Iron Women, Foxy Ladies
The CCP has been prone to laud itself as the champion of women's liberation. Right from the start, however, the CCP-revolutionaries seemed to have had a dual, and even contradictory approach to questions where women were positioned in the revolutionary process, and this has influenced the way in which women were represented in propaganda posters. On the one hand, there was the demand from the Party that women were to be shown in their entire liberated splendor, as conscious and active participants in the great enterprise of reconstructing (socialist) China. The liberation of the female half of the population had attracted a lot of support for the CCP. Various policies the CCP had experimented with had been codified into legislation after coming to power in 1949. But in the eyes of many women intellectuals at the time, even these measures were not radical enough.
Old-fashioned artistic ideas about the representation of women proved to be tenacious. By the early 20th century, a relatively well-established visual tradition had come into existence that treated women as objects that could be consumed by the male gaze. Numerous companies, both foreign and native, had settled in the treaty ports and the foreign settlements along the eastern seaboard.
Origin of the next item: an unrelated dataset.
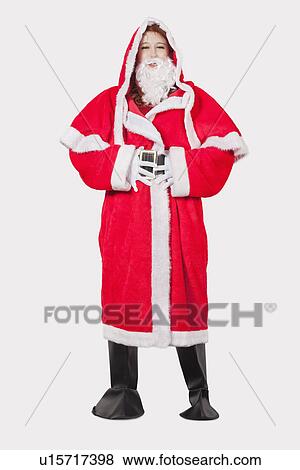 Portrait of young woman in Santa costume standing against gray background View Large Photo Image Stock Photo - Portrait of young woman in Santa costume standing against gray background. Fotosearch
The advertising agencies the manufacturers brought with them promoted the use and appreciation of Western art techniques in their advertisements. The advertising posters featured delectable young women, beautiful actresses and popular singers in colorful and tantalizing 'Shanghai dresses' (qi pao), endorsing various products, ranging from cigarettes and alcoholic beverages to fabrics and pesticides. The advertisments often were designed by Chinese artists such as Li Mubai, Jin Meisheng and Jin Xuechen, to cater to the specific Chinese sense of aesthetics. Most of them were calendars (yuefenpai 月份牌) that were given away as free promotional gifts and hung up in homes and offices. This commercial printed matter became enormously popular, and its influence spread beyond advertising to other types of publications and design practice in general, where it became synonymous with modernity.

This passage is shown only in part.